Exhibit 10.44
EIGHTH AMENDMENT TO CREDIT AGREEMENT
This EIGHTH AMENDMENT TO CREDIT AGREEMENT (this “Amendment”), is dated as of ____________, 2019, by and among ALICO, INC., a Florida corporation (“Alico”), ALICO-AGRI, LTD., a Florida limited partnership (“Alico-Agri”), ALICO PLANT WORLD, L.L.C., a Florida limited liability company (“Plant World”), ALICO FRUIT COMPANY, LLC, a Florida limited liability company (“Fruit Company”), ALICO LAND DEVELOPMENT INC., a Florida corporation (“Land Development”), ALICO CITRUS NURSERY, LLC, a Florida limited liability company (“Citrus Nursery”, and together with Alico, Alico-Agri, Plant World, Fruit Company and Land Development, each a “Borrower” and collectively the “Borrowers”), the Guarantors party hereto and RABO AGRIFINANCE LLC (formerly known as Rabo Agrifinance, Inc.), a Delaware limited liability company (“Lender”).
W I T N E S S E T H:
WHEREAS, Borrowers and Lender are parties to that certain Credit Agreement dated as of December 1, 2014, as amended by that certain First Amendment to Credit Agreement and Consent dated as of February 26, 2015, that certain Second Amendment to Credit Agreement dated as of July 16, 2015, that certain Third Amendment to Credit Agreement dated as of September 30, 2016, that certain Consent and Waiver Agreement dated as of December 20, 2016, that certain Fourth Amendment to Credit Agreement dated as of September 6, 2017, that certain Fifth Amendment to Credit Agreement dated as of October 30, 2017, that certain Sixth Amendment, Consent and Waiver to Credit Agreement dated as of July 18, 2018, and that certain Seventh Amendment to Credit Agreement dated as of September 26, 2018 (as may be further amended, restated, supplemented or otherwise modified from time to time, the “Credit Agreement”); and
WHEREAS, Borrowers have requested that Lender amend the Credit Agreement as more fully set forth herein; and
WHEREAS, Lender is willing to agree to the requested amendment on the terms and conditions set forth herein;
NOW, THEREFORE, in consideration of the premises set forth above, the terms and conditions contained herein and other good and valuable consideration, the receipt and sufficiency of which are hereby acknowledged, the parties hereto agree that all capitalized terms used but not otherwise defined herein shall have the meanings ascribed thereto in the Credit Agreement, and further agree as follows:
1.Amendment to Credit Agreement.

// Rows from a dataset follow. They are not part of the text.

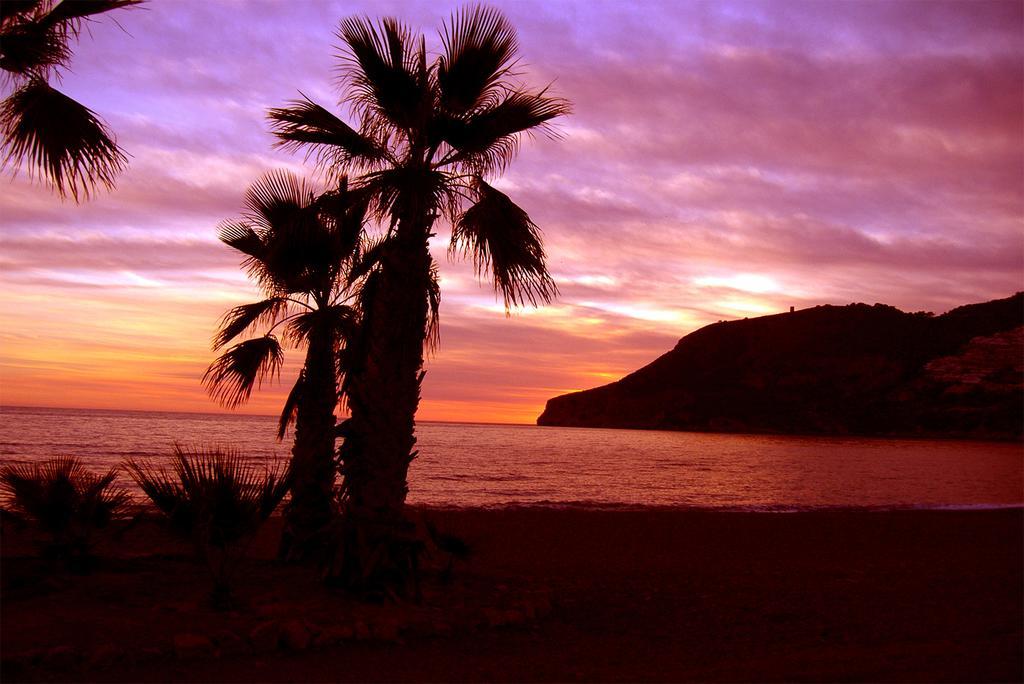 Pension La Herradura エクステリア 写真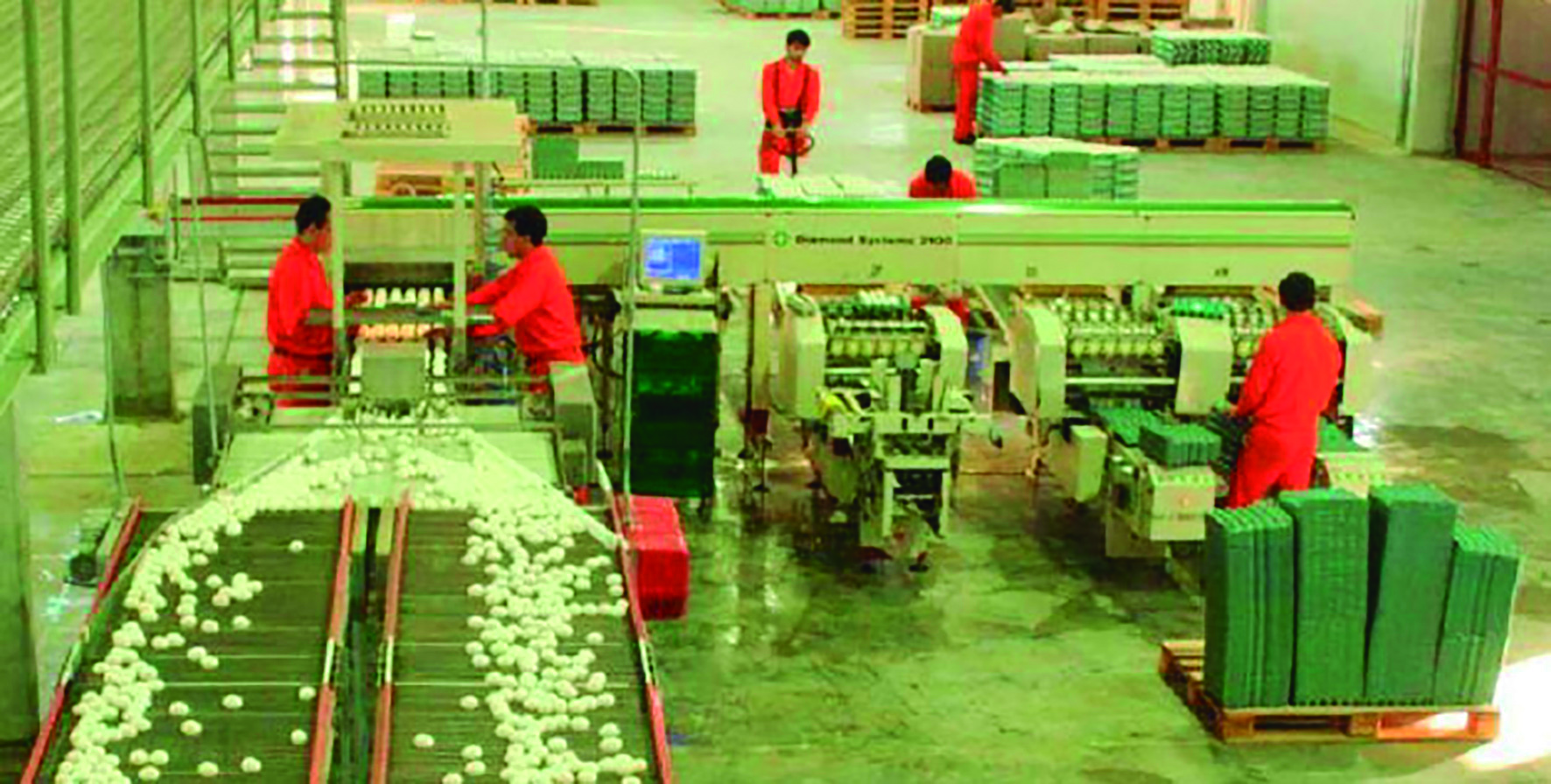 Planta argentina de clasificación de huevos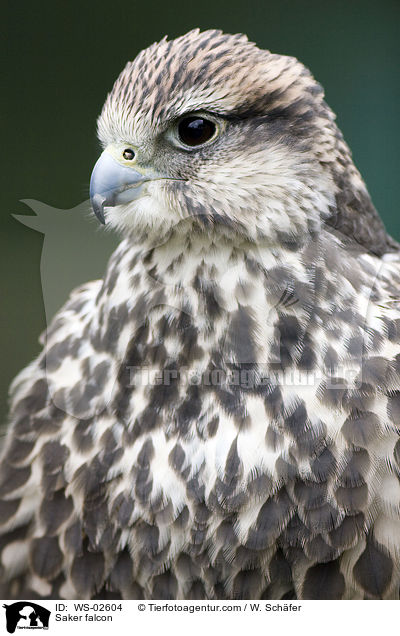 Sakerfalke / Saker falcon / WS-02604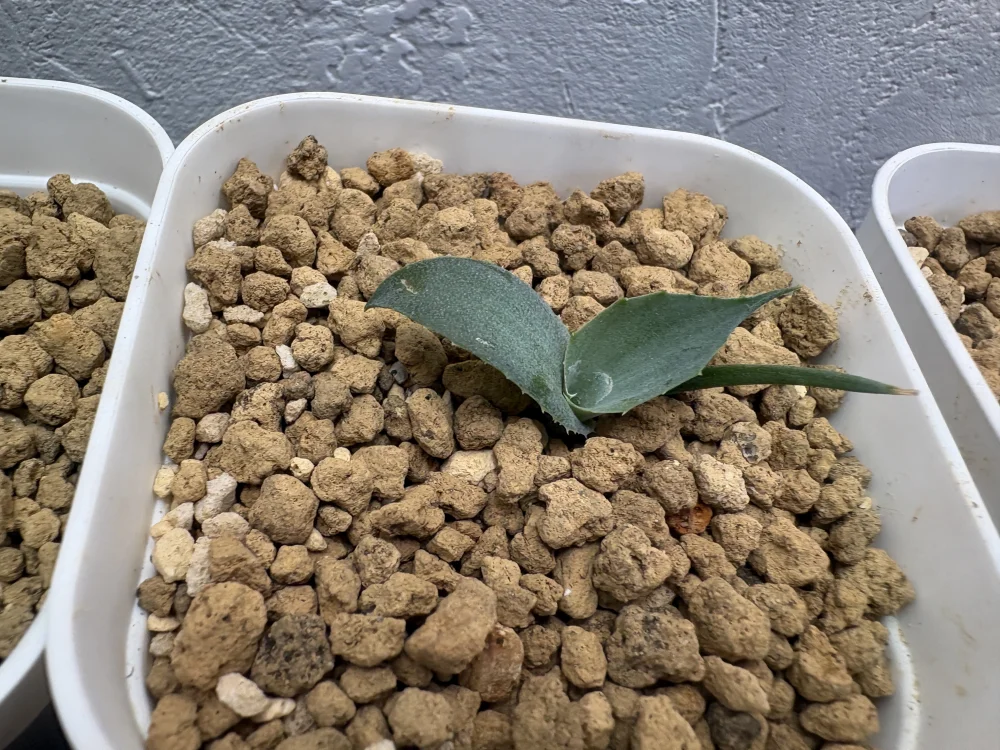Agave lyobaa (アガベ リオバー)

Section 1.1 of the Credit Agreement, Defined Terms, is hereby modified and amended by deleting clause (i) of the definition of “Permitted Encumbrances” set forth therein in its entirety and inserting in lieu thereof the following:
“(i) (1) Liens securing the MetLife Facility as in existence on the date hereof or Liens securing any Refinancing Indebtedness thereof, provided, that in the case of a Lien securing (x) Refinancing Indebtedness, such Lien shall be limited to all or part of the same property that was secured by the original Lien (plus improvements on such property), and (y) the MetLife Facility or Refinancing Indebtedness thereof, such Lien shall be subject to the Met Life Intercreditor Agreement, and (2) Liens on certain fixed assets (and related general intangibles) of the Silver Nip Entities securing the Prudential Facility as in existence on the date of the Silver Nip Merger or Liens securing any Refinancing Indebtedness thereof, provided, that in the case of a Lien securing (x) Refinancing Indebtedness, such Lien shall be limited to all or part of the same property that was secured by the original Lien (plus improvements on such property), (y) the Prudential Facility or Refinancing Indebtedness thereof, commencing on March 30, 2015 or such later date as the Lender shall consent to in writing (with any such consent not to be unreasonably withheld) and at all times thereafter, such Lien shall be subject to the Prudential Intercreditor Agreement and the Silver Nip Conditions shall have been satisfied, and (z) the Prudential Facility of Refinancing Indebtedness thereof, if the property subject to such Lien has been sold or otherwise transferred and such Lien has been released, the Silver Nip entities may grant a Lien on additional fixed assets and related general intangibles securing the Prudential Facility to replace the Lien that was released, but only to the extent that (A) the value of the assets secured by such replacement Lien is not greater than the value of the assets on which the original Lien was released, (B) such replacement Lien is not broader in scope than the Lien that it is meant to replace and (C) such replacement Lien shall at all times be subject to the Prudential Intercreditor Agreement;”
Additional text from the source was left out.